Hendrik XI van Legnica (Liegnitz (Legnica), 23 februari 1539 - Krakau, 3 maart 1588) was van 1551 tot 1556, van 1559 tot 1576 en van 1580 tot 1581 driemaal hertog van Liegnitz (Legnica). Hij behoorde tot het huis Piasten.

Levensloop[bewerken | brontekst bewerken]

Hendrik XI was de oudste zoon van hertog Frederik III van Liegnitz en Catharina van Mecklenburg-Schwerin, dochter van hertog Hendrik V van Mecklenburg-Schwerin.

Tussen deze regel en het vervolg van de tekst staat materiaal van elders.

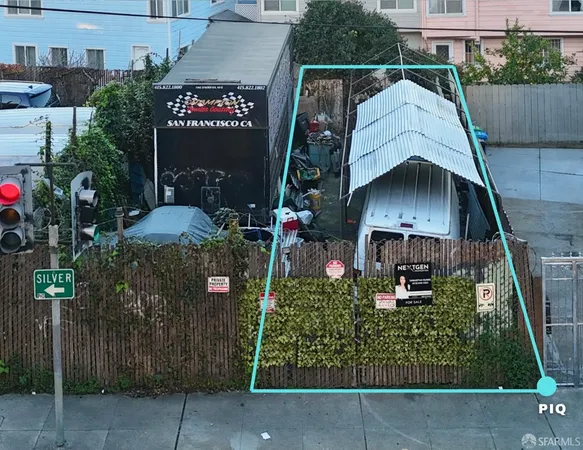 $249,000 | 900-1098 Bayshore Boulevard, San Francisco, CA 94134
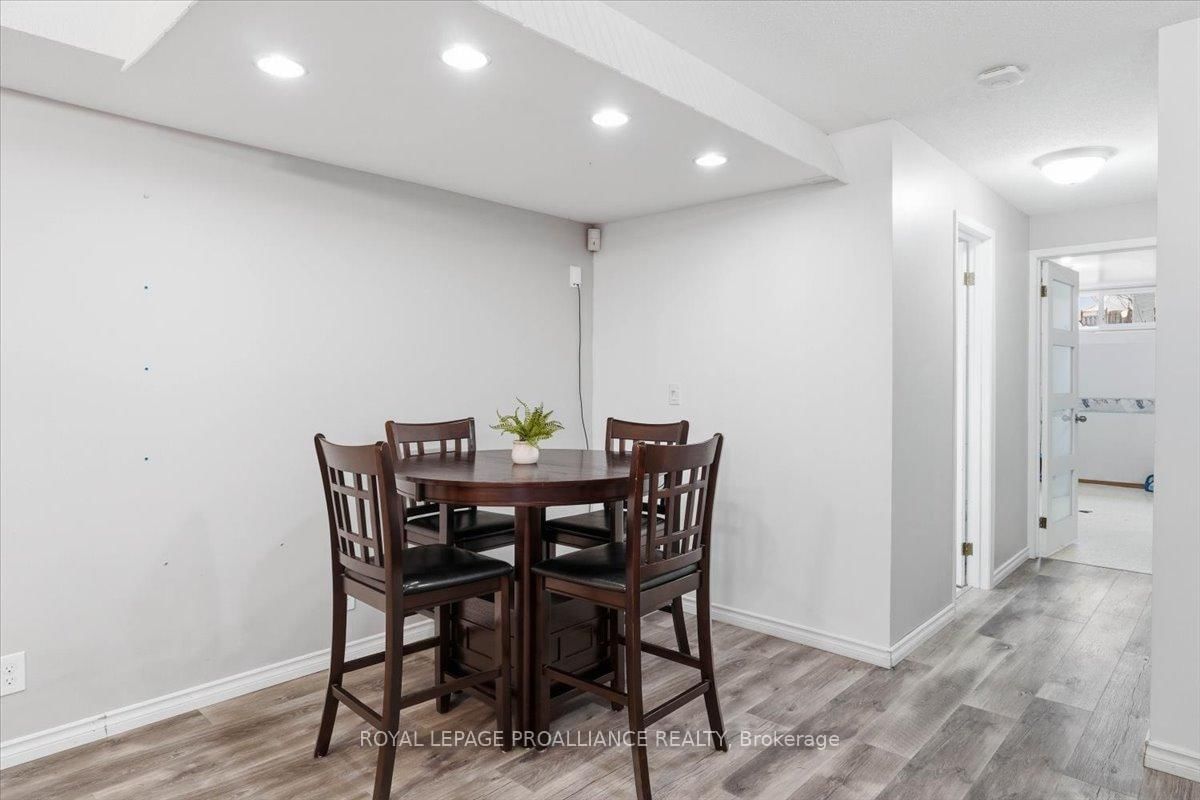 Detached House for sale at 8 Loraine Avenue, Quinte West, Ontario, K8V 6M1 - Trenton Ward - MLS: X12965690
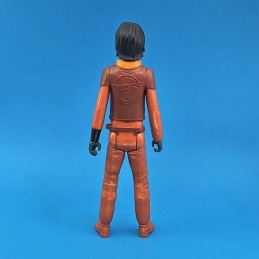 Hasbro Star Wars 26 cm Rebels Ezra Bridger Figurine d'occasion (Loose)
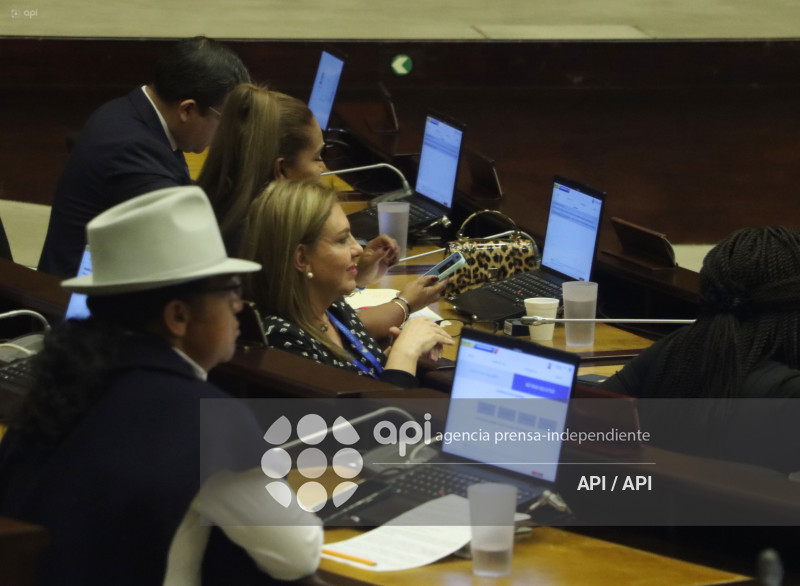 LEY FUNDACIONES ASAMBLEA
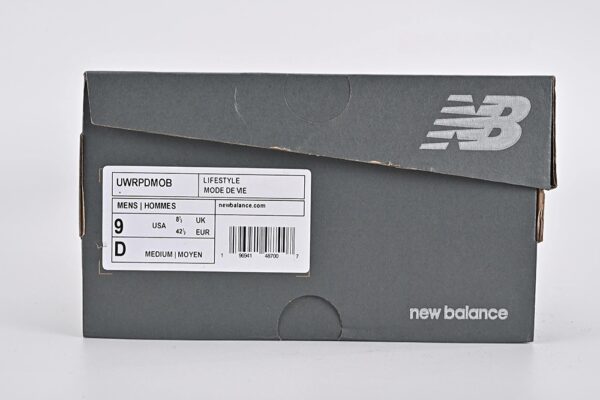 WRPD RUNNER SEA SALT SANDSTONE 5
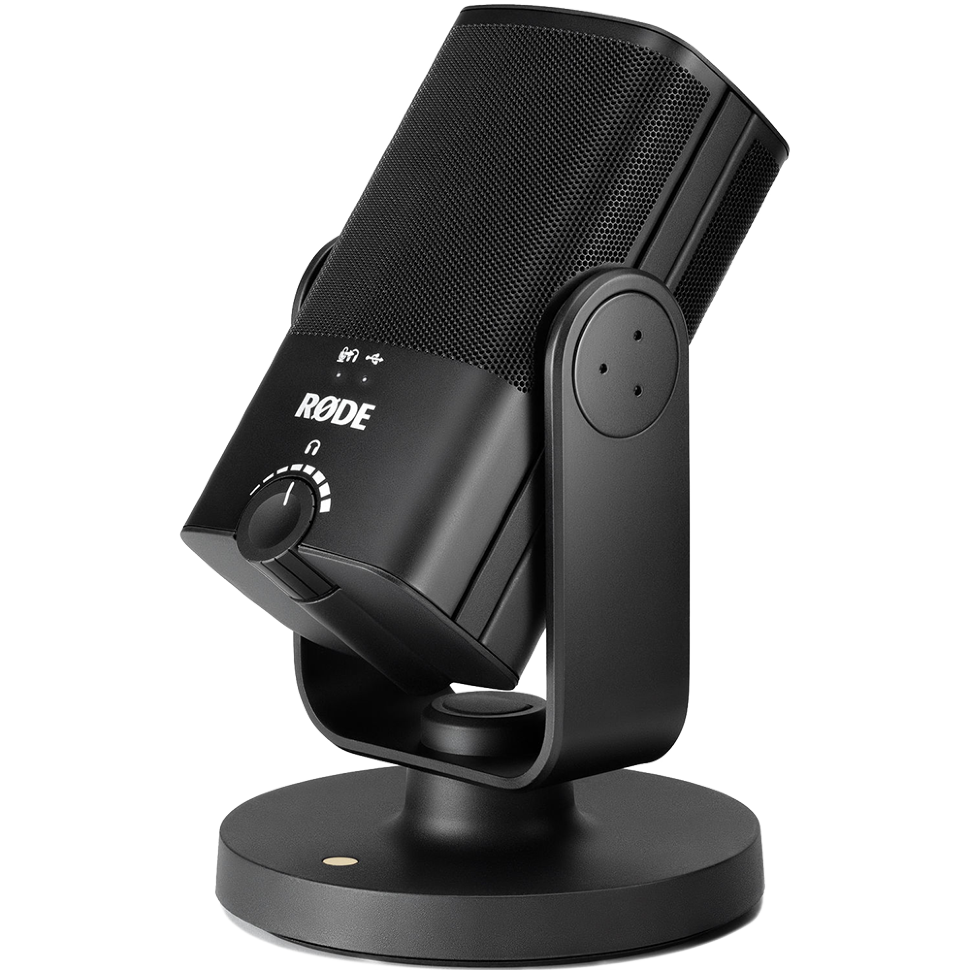 Микрофон RODE NT-USB MINI 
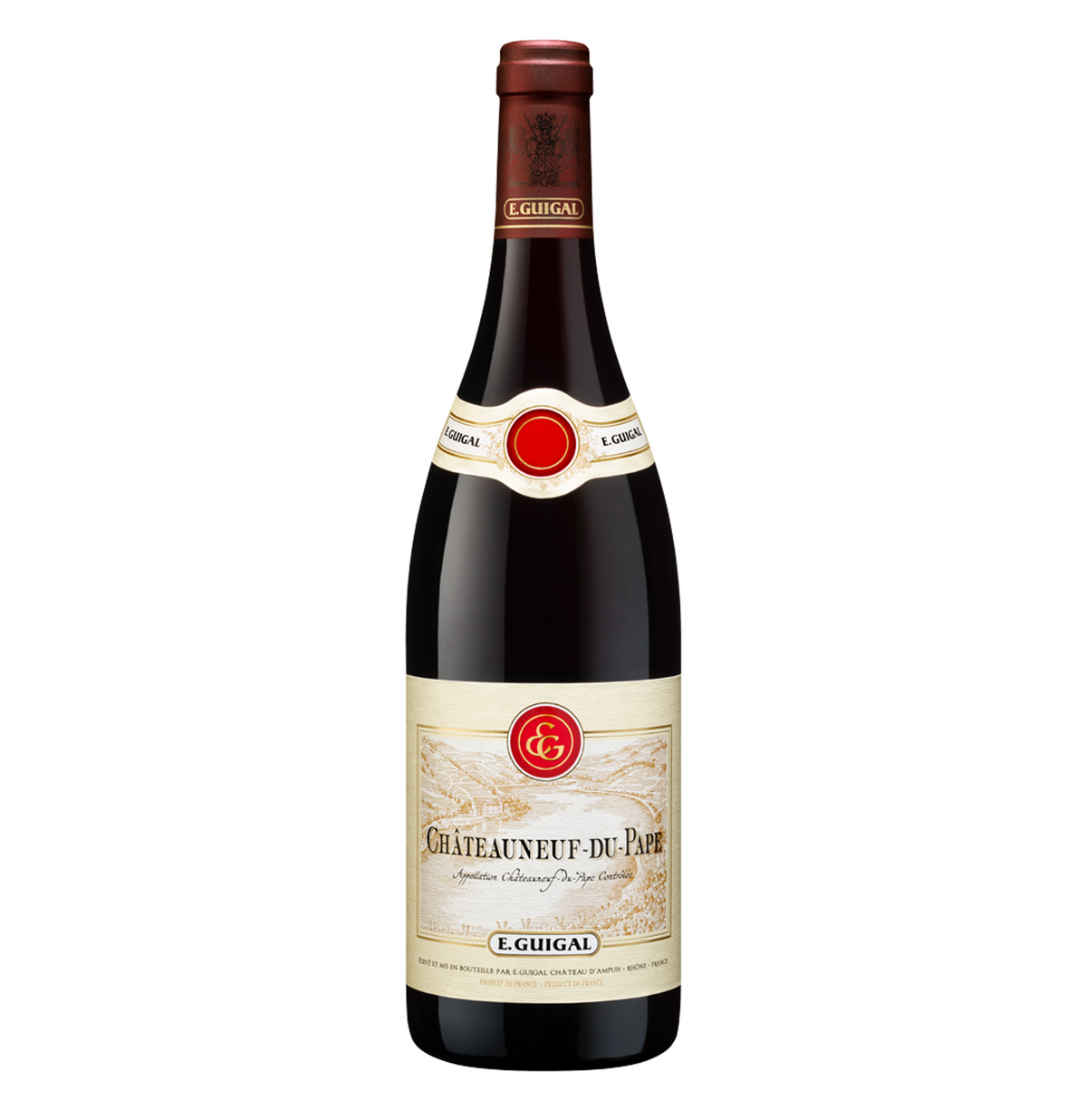Châteauneuf du Pape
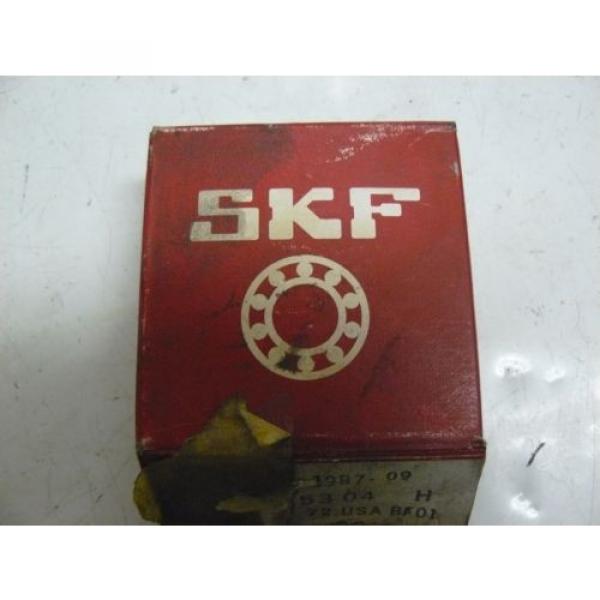 NEW SKF 5304 H Roller Bearing Double Row #1 image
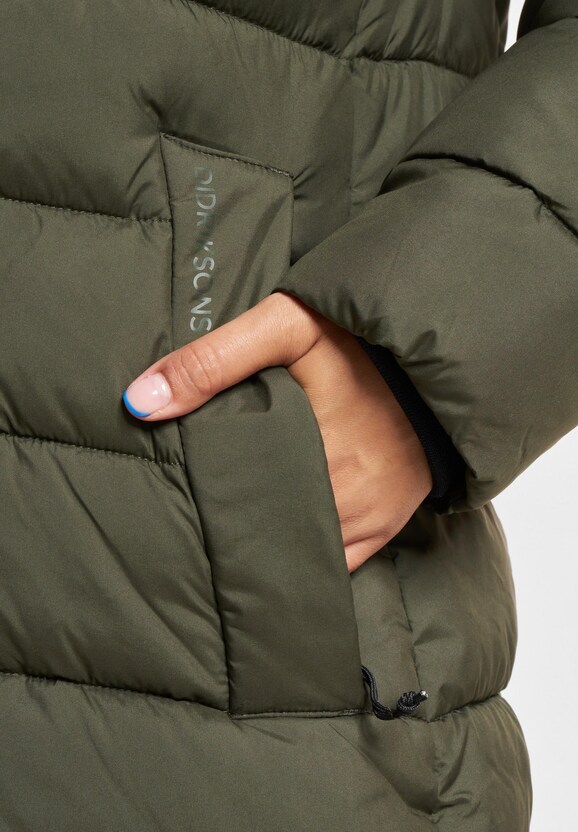 Didriksons Stella 4 Parka-3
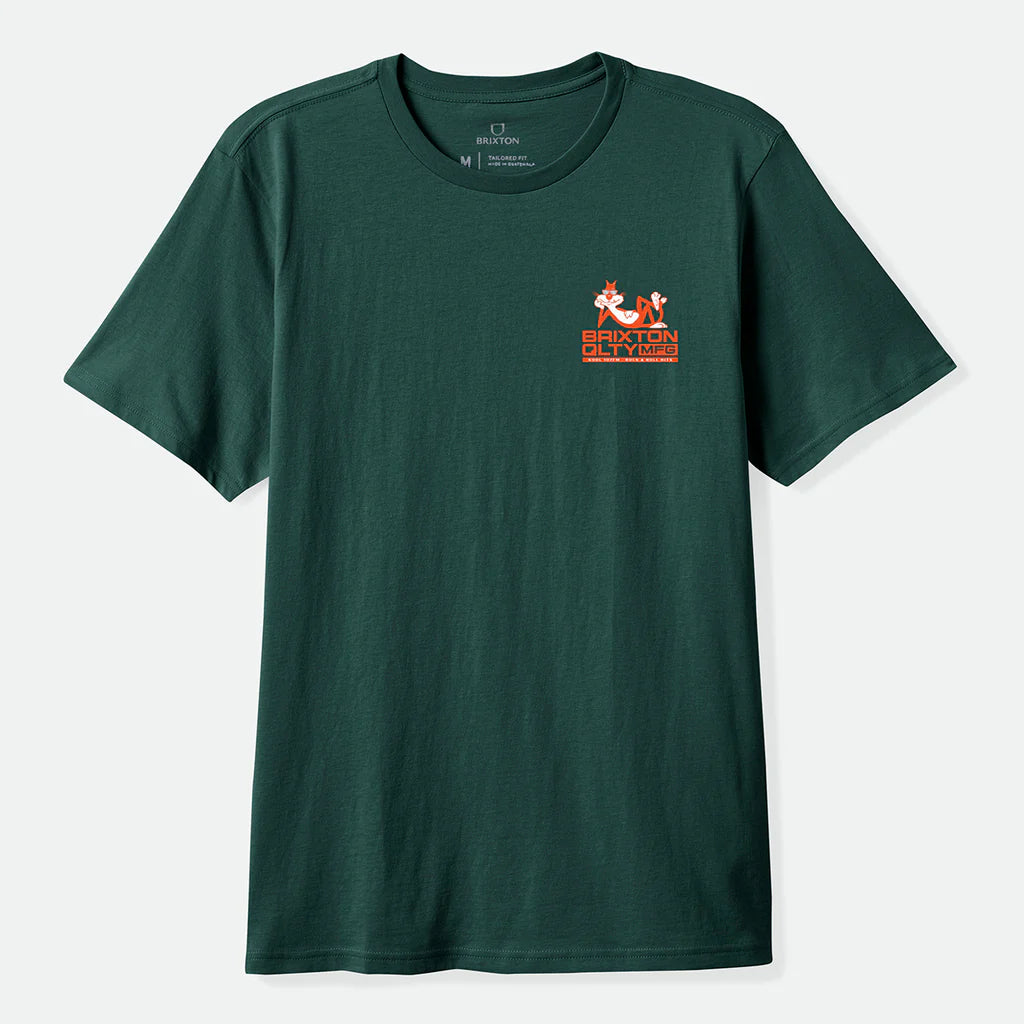 Brixton - Cool Cat S/S STT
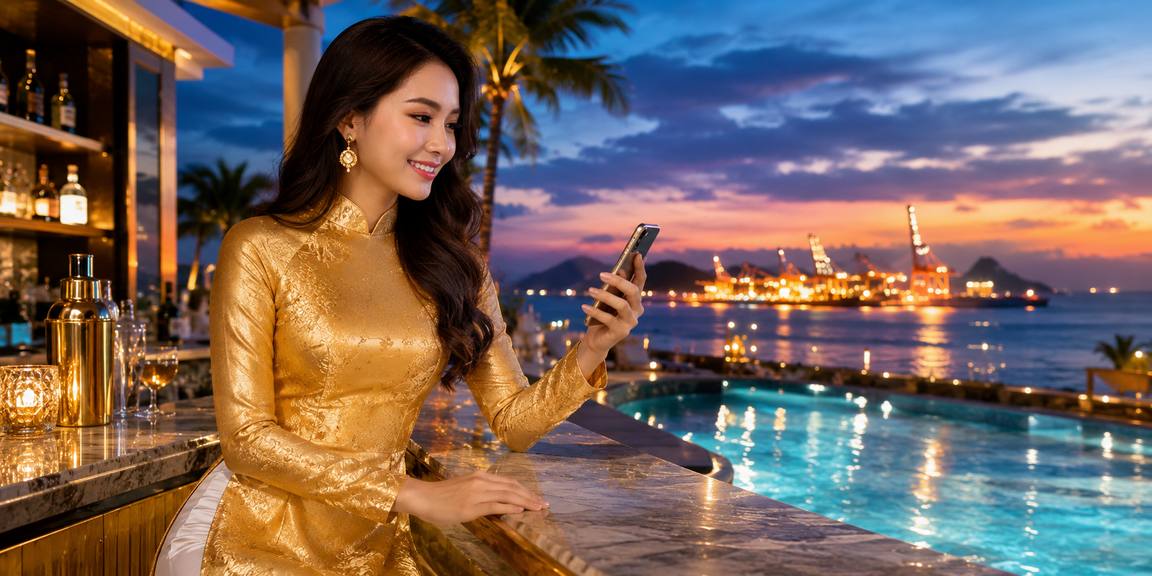 luxvip Ưu đãi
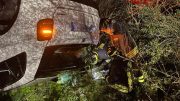 Incidente Dorgali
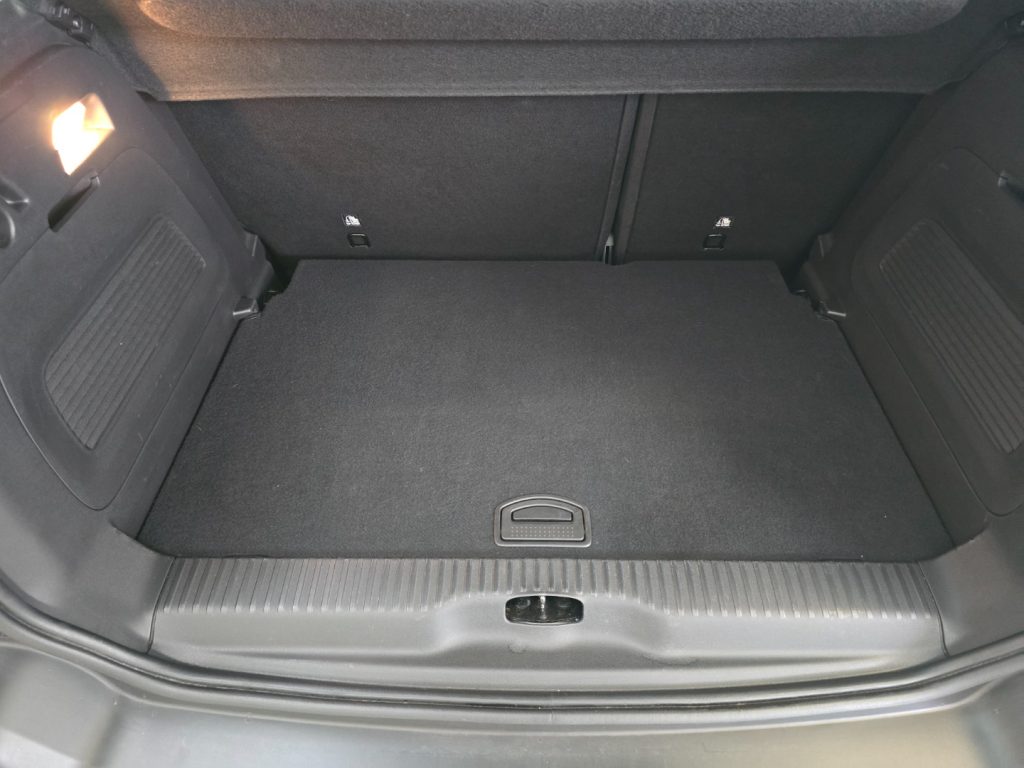 CITROEN C3 Aircross PureTech 110 S&S Plus - 8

Zijn vader gedroeg zich als hertog van Liegnitz nogal opstandig tegenover keizer Karel V en werd daarom in 1551 afgezet. Karel V benoemde daarop Hendrik tot hertog van Liegnitz onder het regentschap van zijn oom, hertog George II van Brieg. Dit bleef hij tot in 1556, toen de nieuwe keizer Ferdinand I zijn vader een tweede kans gaf en hem opnieuw tot hertog van Liegnitz benoemde.

Frederik III bleef zich echter opstandig gedragen en werd daarom in 1559 opnieuw afgezet, ditmaal definitief. Vervolgens werd Hendrik XI opnieuw benoemd tot hertog van Liegnitz, maar hij werd door keizer Ferdinand I verplicht om voor belangrijke aangelegenheden steeds de raad van zijn oom George II te vragen en om van het protestantisme niet de staatsgodsdienst van het hertogdom Liegnitz te maken.

Na de dood van zijn vader in 1570 kwam het tot een langdurige erfstrijd met zijn jongere broer Frederik IV. In 1571 sloten de twee broers uiteindelijk een overeenkomst waarbij ze beslisten om het regeringsgebied van hun vader niet te verdelen en het hertogdom Liegnitz gezamenlijk te regeren.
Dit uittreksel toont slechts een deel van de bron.